NSSF extends deadline for employers to register, remit workers’ contributions

“It is nine  days to the end of the amnesty period that the Fund had initially announced. However, during the last three weeks, we have received numerous requests from many employers to extend the registration. We are therefore glad to announce a deadline up to June 30, 2023, to enable them make necessary arrangements,” Ayota said.

Sections 7 and 13A  of the amended NSSF Act introduced mandatory contributions by all workers regardless of the size of the enterprise or the number of employees.

Section 7(2)  provides that “every employer, irrespective of the number of employees, shall register with the Fund as a contributing employer and shall make regular contributions for his or her employees in accordance with this Act and regulations made under this Act.”

Previously the NSSF had set May, 30 as the deadline for all employers to remit workers’ contributions or face punishment.

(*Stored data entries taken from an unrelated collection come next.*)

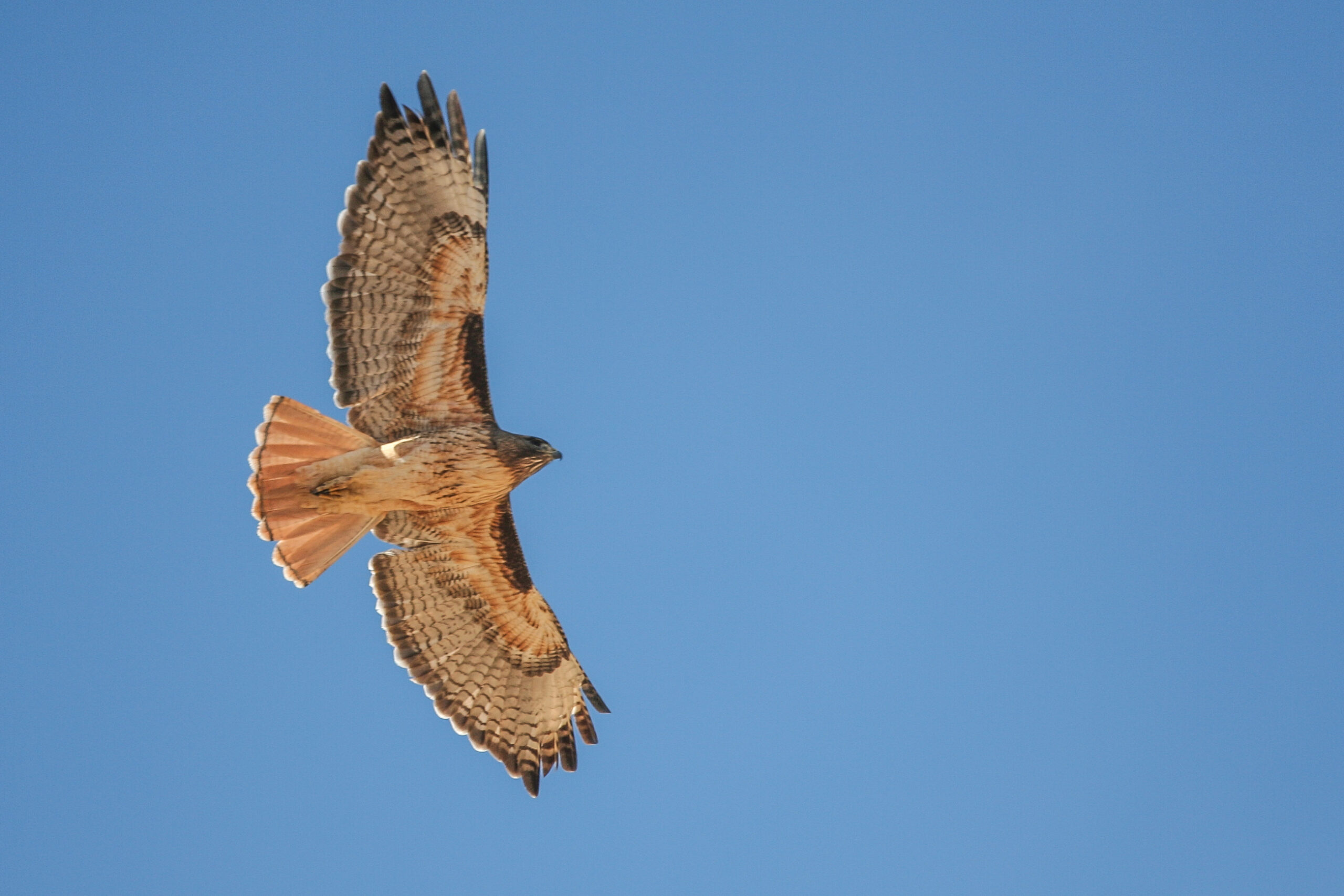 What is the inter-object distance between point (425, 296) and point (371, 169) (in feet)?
2.86

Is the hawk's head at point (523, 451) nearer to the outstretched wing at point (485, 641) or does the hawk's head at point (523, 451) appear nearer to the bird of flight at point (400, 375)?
the bird of flight at point (400, 375)

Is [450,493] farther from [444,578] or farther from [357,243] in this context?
[357,243]

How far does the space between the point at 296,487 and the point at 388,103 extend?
8.25 ft

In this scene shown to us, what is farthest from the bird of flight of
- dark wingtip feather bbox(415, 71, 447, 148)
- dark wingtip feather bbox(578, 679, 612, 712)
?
dark wingtip feather bbox(578, 679, 612, 712)

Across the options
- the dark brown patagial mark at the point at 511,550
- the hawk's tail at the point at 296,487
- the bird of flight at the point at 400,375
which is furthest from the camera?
the dark brown patagial mark at the point at 511,550

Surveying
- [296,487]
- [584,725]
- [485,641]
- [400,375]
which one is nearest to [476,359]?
[400,375]

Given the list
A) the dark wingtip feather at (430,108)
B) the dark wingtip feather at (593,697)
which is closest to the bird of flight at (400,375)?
the dark wingtip feather at (430,108)

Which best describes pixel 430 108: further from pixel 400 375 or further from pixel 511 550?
pixel 511 550

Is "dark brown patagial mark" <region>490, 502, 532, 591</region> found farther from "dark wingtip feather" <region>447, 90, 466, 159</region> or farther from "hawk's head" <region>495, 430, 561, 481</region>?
"dark wingtip feather" <region>447, 90, 466, 159</region>

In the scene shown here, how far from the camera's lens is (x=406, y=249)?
319 inches

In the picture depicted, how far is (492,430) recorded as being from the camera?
27.6 ft

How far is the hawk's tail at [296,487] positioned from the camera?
7.83 meters

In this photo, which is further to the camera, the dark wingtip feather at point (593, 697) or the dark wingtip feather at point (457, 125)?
the dark wingtip feather at point (593, 697)

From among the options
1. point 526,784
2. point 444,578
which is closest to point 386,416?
point 444,578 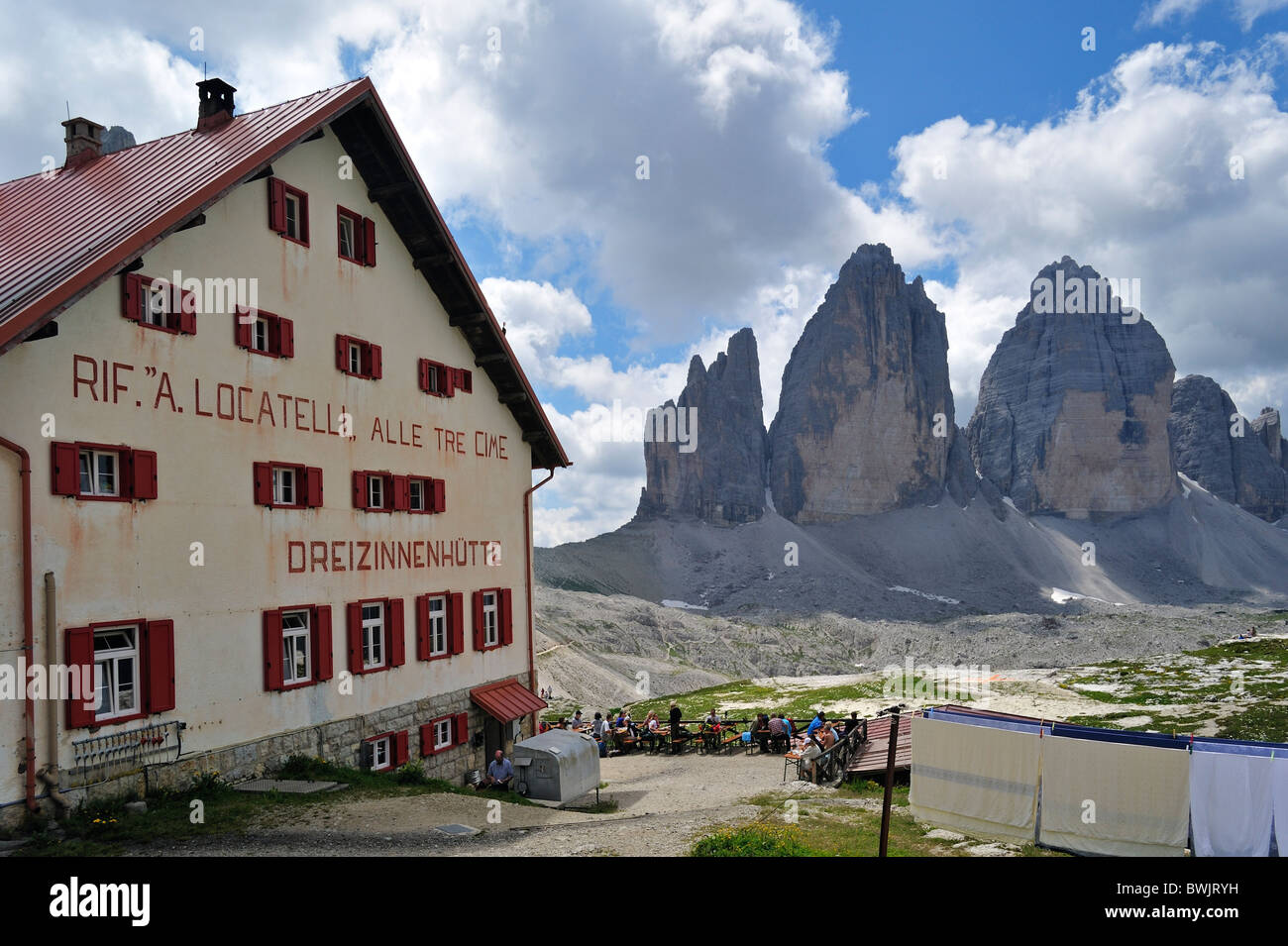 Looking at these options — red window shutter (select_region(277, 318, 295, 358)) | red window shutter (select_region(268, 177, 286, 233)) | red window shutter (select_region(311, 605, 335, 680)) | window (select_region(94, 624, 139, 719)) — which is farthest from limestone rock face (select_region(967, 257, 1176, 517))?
window (select_region(94, 624, 139, 719))

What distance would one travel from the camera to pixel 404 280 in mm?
21859

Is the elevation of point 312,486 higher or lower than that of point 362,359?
lower

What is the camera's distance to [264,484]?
1691 centimetres

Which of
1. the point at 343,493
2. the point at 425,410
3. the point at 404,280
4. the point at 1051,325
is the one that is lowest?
the point at 343,493

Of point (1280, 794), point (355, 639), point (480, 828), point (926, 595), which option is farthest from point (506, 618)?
point (926, 595)

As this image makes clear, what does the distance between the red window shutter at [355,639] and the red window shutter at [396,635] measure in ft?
3.50

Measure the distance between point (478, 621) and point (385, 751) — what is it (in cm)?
470

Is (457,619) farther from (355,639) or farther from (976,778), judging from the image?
(976,778)

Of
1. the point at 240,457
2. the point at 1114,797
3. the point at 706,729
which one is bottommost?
the point at 706,729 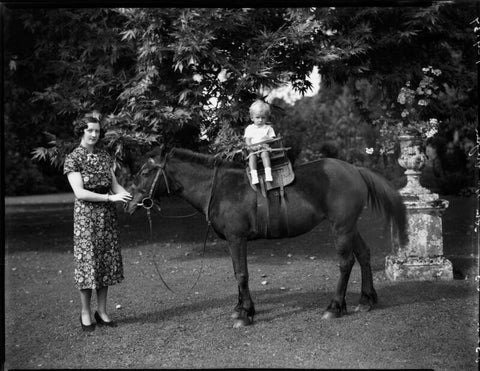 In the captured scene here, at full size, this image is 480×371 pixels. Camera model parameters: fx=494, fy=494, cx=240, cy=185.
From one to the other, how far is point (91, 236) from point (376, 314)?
345 centimetres

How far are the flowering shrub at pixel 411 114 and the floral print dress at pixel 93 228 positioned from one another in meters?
4.30

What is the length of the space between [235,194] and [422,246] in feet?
11.5

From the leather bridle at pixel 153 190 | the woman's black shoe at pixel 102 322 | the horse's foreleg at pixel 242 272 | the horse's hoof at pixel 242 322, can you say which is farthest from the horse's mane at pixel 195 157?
the woman's black shoe at pixel 102 322

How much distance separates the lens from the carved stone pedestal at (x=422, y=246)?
759 centimetres

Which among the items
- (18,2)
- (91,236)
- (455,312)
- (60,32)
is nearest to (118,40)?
(60,32)

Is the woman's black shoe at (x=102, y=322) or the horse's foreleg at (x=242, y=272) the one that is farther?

However, on Wednesday, the acting NSSF Managing Director said this deadline had been extended after requests by a number of employers.

Ayota also explained that the Fund has established partnerships with many government agencies to ensure that employers first regularize their status with NSSF before they do business with them.

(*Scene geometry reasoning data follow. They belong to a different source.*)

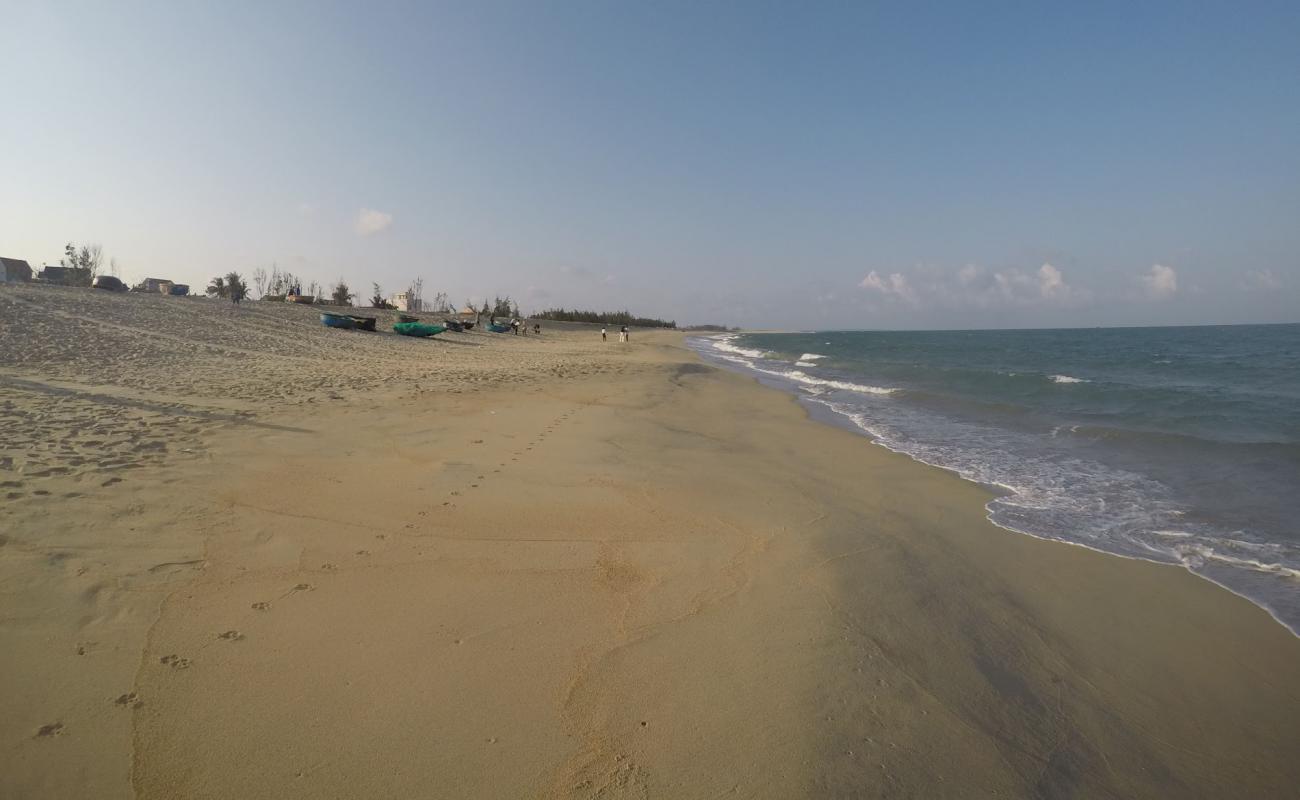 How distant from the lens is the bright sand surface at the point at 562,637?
2.75m

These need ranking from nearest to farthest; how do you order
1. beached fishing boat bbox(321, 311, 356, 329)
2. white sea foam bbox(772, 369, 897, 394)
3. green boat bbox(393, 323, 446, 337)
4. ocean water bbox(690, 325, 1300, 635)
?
ocean water bbox(690, 325, 1300, 635) < white sea foam bbox(772, 369, 897, 394) < beached fishing boat bbox(321, 311, 356, 329) < green boat bbox(393, 323, 446, 337)

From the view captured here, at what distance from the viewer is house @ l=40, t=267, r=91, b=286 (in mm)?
45531

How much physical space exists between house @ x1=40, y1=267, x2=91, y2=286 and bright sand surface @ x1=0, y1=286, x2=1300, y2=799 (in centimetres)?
5191

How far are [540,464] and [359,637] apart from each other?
418cm

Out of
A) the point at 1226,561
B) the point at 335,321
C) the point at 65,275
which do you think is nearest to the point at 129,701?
the point at 1226,561

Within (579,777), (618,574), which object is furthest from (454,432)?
(579,777)

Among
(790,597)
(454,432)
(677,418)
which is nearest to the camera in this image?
(790,597)

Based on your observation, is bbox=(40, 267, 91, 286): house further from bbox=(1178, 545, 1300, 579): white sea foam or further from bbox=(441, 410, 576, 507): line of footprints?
bbox=(1178, 545, 1300, 579): white sea foam

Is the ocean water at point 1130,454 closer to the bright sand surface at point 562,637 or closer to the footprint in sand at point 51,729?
the bright sand surface at point 562,637

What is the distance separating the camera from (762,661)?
143 inches

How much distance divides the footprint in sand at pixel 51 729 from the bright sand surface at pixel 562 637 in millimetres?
19

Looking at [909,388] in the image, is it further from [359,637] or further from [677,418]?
[359,637]

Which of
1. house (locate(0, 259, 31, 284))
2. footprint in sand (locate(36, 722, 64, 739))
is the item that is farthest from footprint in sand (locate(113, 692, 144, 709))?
house (locate(0, 259, 31, 284))

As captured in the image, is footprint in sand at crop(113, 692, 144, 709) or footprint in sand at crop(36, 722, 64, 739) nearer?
footprint in sand at crop(36, 722, 64, 739)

“We are establishing partnerships with all regulatory agencies to ensure that before any entity is licensed, they have a clearance certificate from NSSF that proves their registration and compliance with the NSSF Act,” he noted.

Speaking on Wednesday, the Minister for Gender and Social Development , Betty Amongi applauded NSSF  for implementing the mass registration drive and pledged that her ministry will support the Fund’s efforts to expand social security coverage.

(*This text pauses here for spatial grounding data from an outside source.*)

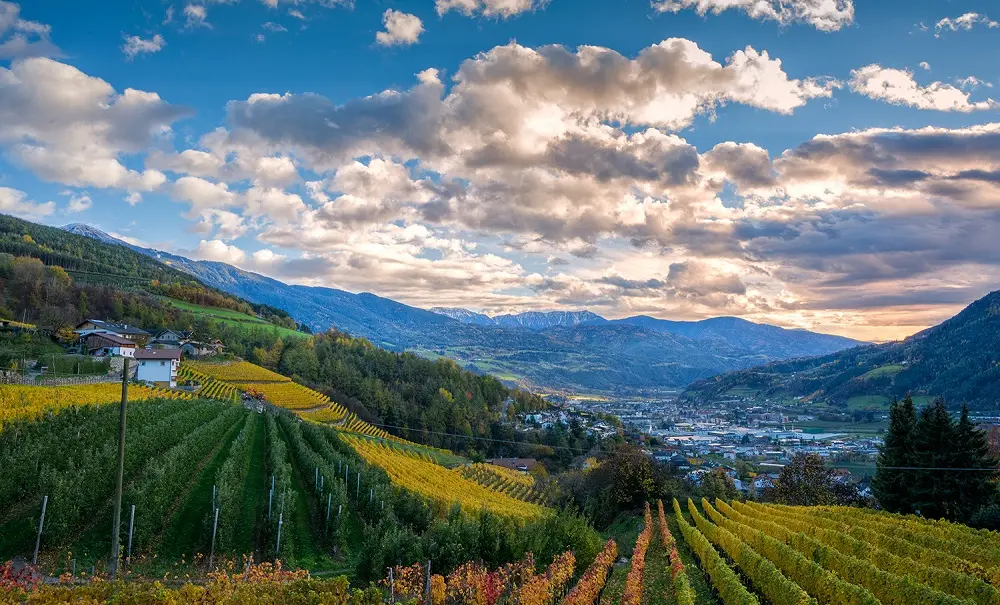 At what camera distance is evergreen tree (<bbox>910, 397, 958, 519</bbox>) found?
3628 centimetres

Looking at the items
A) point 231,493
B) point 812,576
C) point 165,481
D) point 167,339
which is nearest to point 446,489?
point 231,493

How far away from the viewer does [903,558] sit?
1977 cm

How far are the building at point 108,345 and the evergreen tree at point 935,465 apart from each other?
77.8m

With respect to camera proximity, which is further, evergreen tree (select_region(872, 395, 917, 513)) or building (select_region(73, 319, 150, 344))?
building (select_region(73, 319, 150, 344))

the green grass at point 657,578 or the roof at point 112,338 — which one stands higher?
the roof at point 112,338

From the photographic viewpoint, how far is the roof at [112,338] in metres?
76.6

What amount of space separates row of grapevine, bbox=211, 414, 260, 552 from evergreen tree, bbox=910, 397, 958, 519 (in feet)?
130

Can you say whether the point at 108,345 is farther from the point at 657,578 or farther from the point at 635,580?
the point at 635,580

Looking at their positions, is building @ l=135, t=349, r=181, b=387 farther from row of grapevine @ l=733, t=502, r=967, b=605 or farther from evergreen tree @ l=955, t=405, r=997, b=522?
evergreen tree @ l=955, t=405, r=997, b=522

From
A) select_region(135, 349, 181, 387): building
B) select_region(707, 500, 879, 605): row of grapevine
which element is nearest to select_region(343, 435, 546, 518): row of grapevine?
select_region(707, 500, 879, 605): row of grapevine

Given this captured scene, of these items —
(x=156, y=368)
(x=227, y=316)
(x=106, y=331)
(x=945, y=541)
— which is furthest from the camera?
(x=227, y=316)

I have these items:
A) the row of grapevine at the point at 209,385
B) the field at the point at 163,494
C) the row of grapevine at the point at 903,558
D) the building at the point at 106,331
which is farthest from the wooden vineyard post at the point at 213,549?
the building at the point at 106,331

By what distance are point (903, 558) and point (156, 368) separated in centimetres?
7130

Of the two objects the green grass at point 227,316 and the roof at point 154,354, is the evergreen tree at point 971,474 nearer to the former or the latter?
the roof at point 154,354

“Government of Uganda recognizes that social protection is a critical pre-requisite for achieving national development goals and also recognizes the need to guarantee social security to the population and to provide assistance to people who are vulnerable either by age, social class, location, disability, gender, disaster or who do not earn any income in order to promote equity,”  Among noted.

Uganda has a total labour force of 16.3 million people and a working population of 13.9 million.

Out of the working population, 7.9 million are employed and 6 million are engaged in subsistence production for own consumption, according to the Ministry of Gender, Labour and Social Development.

“As a country, we can no longer blame archaic legislation because the new law has not only expanded the social security landscape but has also empowered the Fund to innovate and introduce new products to appeal to all segments of the working population irrespective of their income levels,”  Amongi said.

For a long time, some employers had been excluded by the old NSSF law to save for their employees, but the new NSSF law now allows everyone to save for their retirement.